__RECORDS FOR THE TASK__.
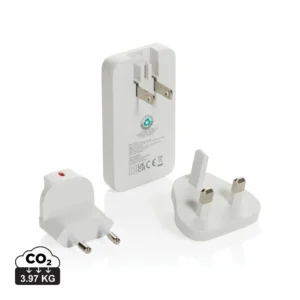 Fluxo RCS 65W platte GaN-lader met universele connectors wit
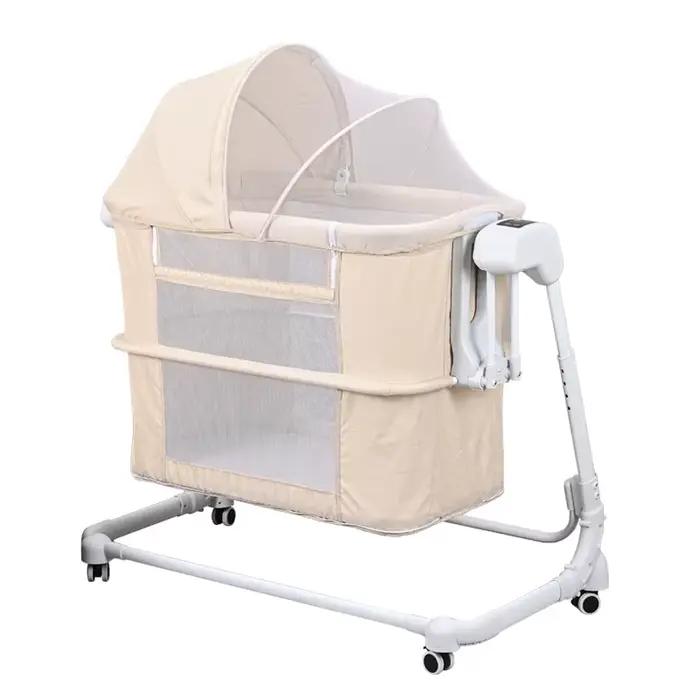 Berceau bébé Portable balançoire électrique enfant lits multifonctionnel pliant nouveau-né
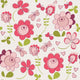 Seamless pattern with flowers and butterfly. Cute seamless. Wall Mural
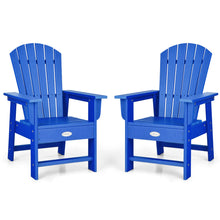 Load image into Gallery viewer, Gymax Set of 2 Kids Patio Adirondack Chair Armchair Weather Resistance Outdoor Chair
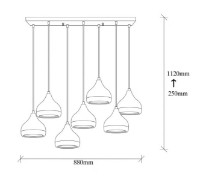Люстра Trendy Yildo 6894 88x112x36cm GTR002656 фото №2 — интернет-магазин Desire.md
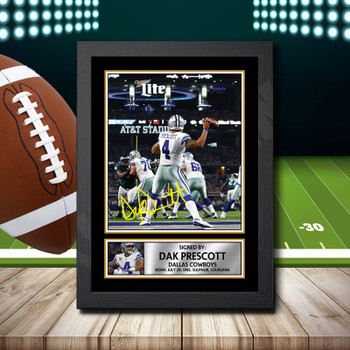 Dak Prescott - Signed Autographed NFL Star Print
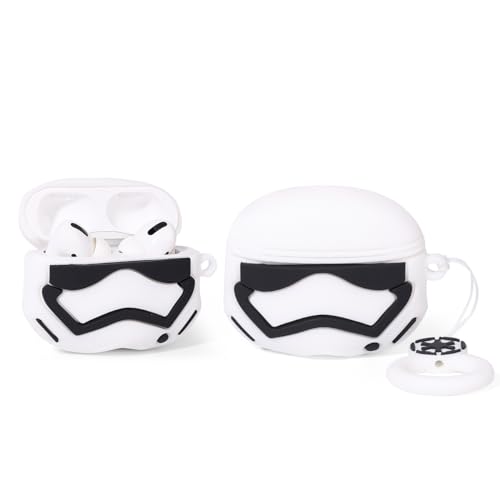 (2Pack+Cleaner Pen) XMBYGY Case for Apple AirPods Pro 2nd/1st Generation Wireless Earbuds with Cleaning Pen Kit, Silicone Cute Charging Case Shockproof Protective Cover for AirPods Pro 1/2 (SDBK+WT) - color: SDBK+WT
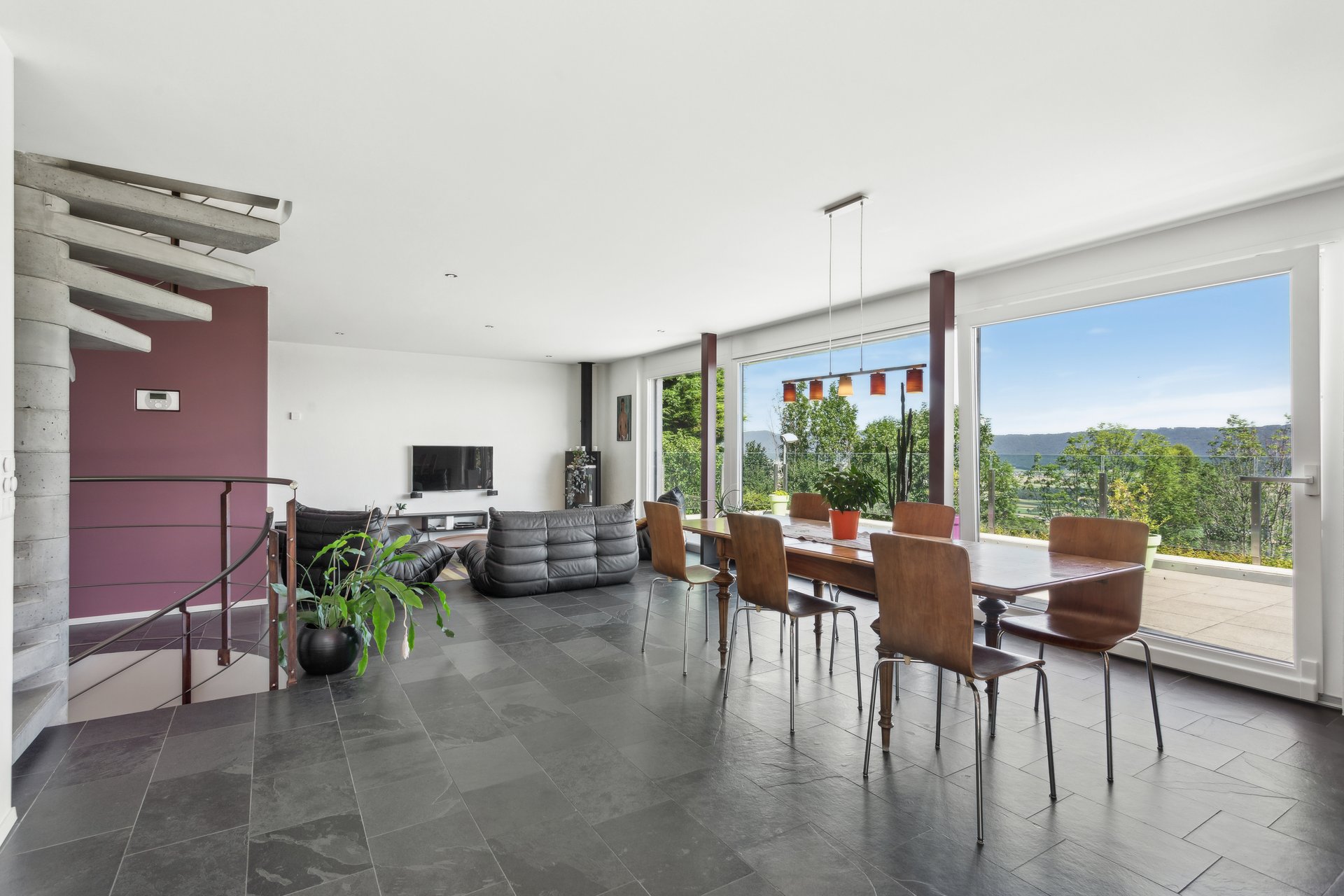 Wohnzimmer mit Schwedenofen Wohnzimmer mit Schwedenofen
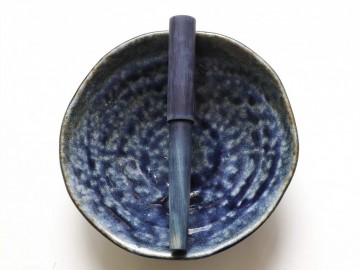 Wancher Indigo blue olivewood Sekai - Ai, World Tree  fountain pen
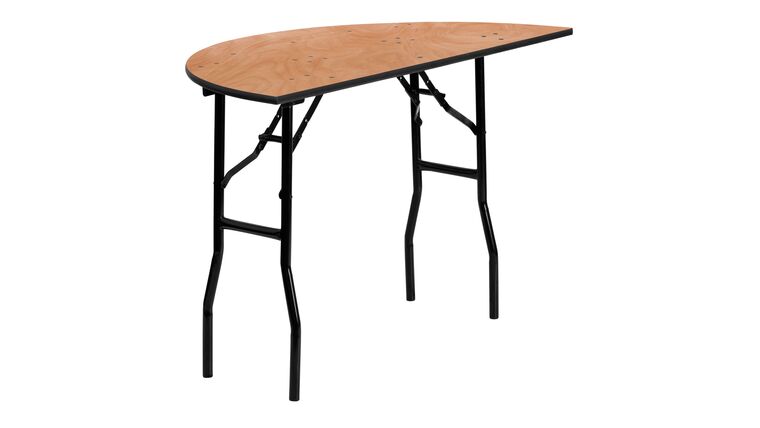 Banquet Table | Wood | Half Round| 48″ | Rental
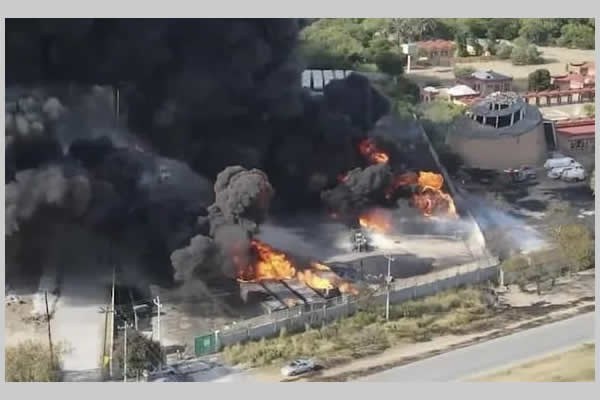 Mueren en incendio de hidrocarburos en Pesquería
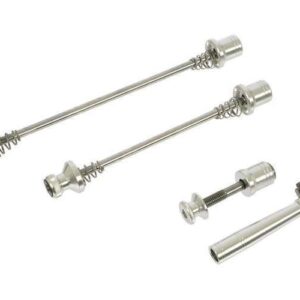 TranzX | Quick release voor/achternaaf + zadelpen zilver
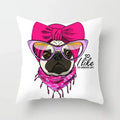 Cute Pug Bulldog Pillowcase for Living Room Decor - Ljojo Home Decor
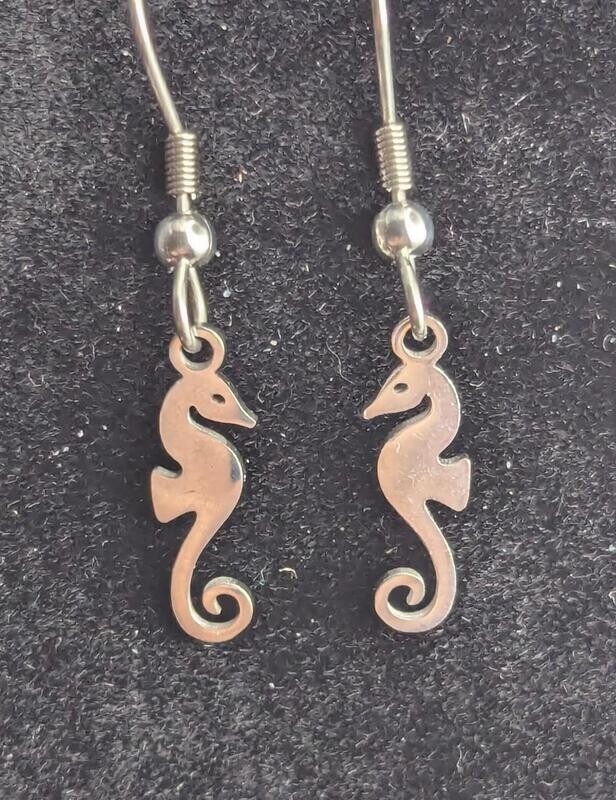 Tiny Stainless Steel Sea Horses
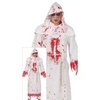 Véres Szerzetes Férfi Jelmez Halloweenre, L (52-54), Fehér, Piros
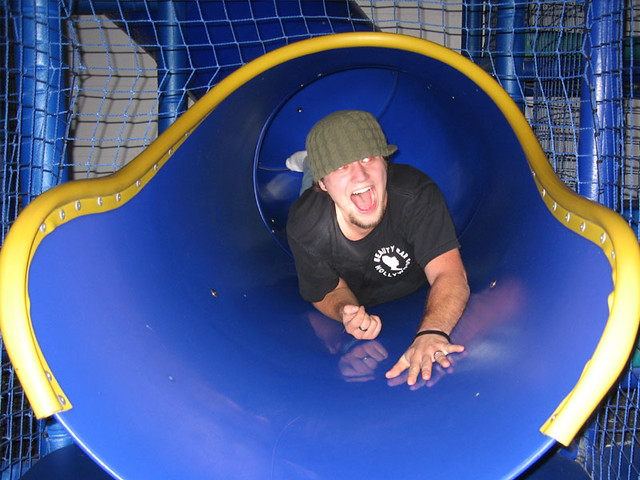 Playing in the slide
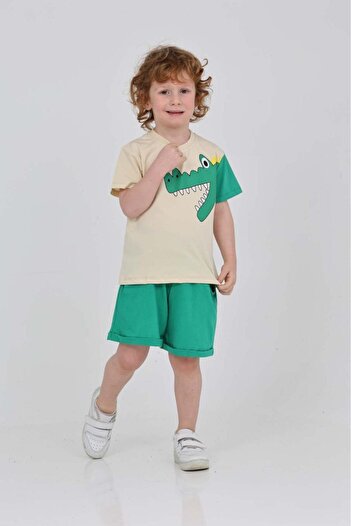 Mrs.idea Swimming Crocodile t Boys 2 Piece Set
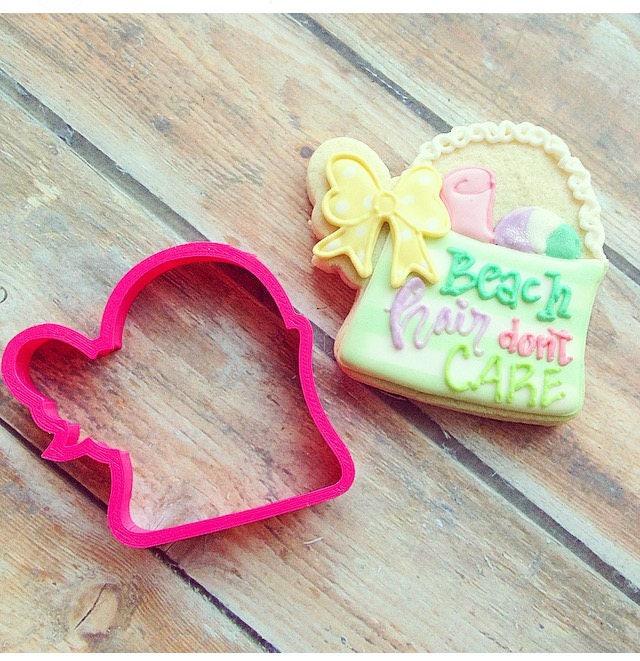 Girly Beach Bag Cookie Cutter - Sweetleigh 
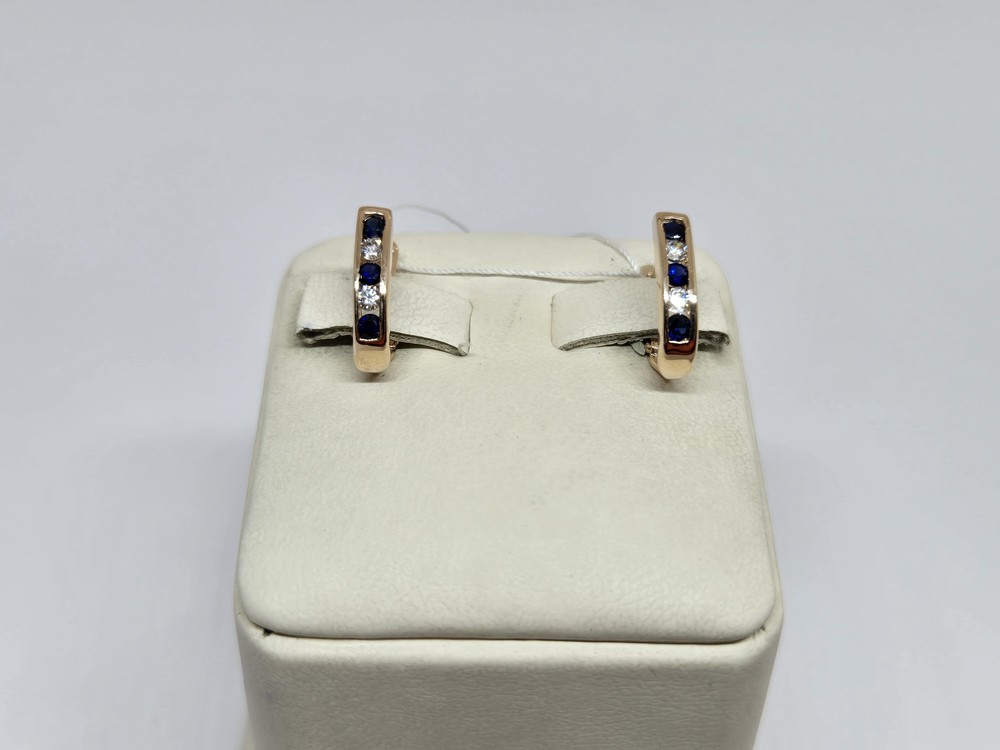 СКМИ585 СЕРЬГИ С КАМНЯМИ (Au 585)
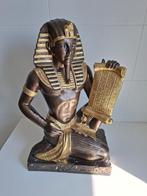 Farao beeld met perkamentrol, Antiek en Kunst, Ophalen of Verzenden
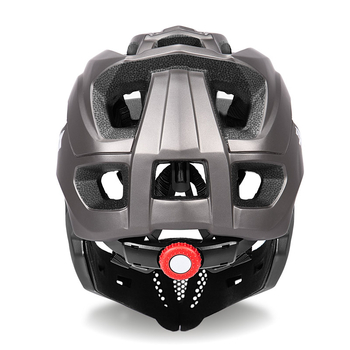 Batfox Dječja kaciga za bicikl s punim licem — PC/EPS, prilagodljiva, s logom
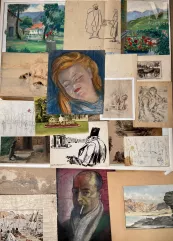 Ensemble de 20 dessins--img1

__YOUR TASK__.
For this exercise, please set down exactly the lines of the listing above from the line with "Load image into" up to and including the line with "Dak Prescott - Signed", and no pictures.

__SOLUTION__.
 Load image into Gallery viewer, Gymax Set of 2 Kids Patio Adirondack Chair Armchair Weather Resistance Outdoor Chair
Люстра Trendy Yildo 6894 88x112x36cm GTR002656 фото №2 — интернет-магазин Desire.md
 Dak Prescott - Signed Autographed NFL Star Print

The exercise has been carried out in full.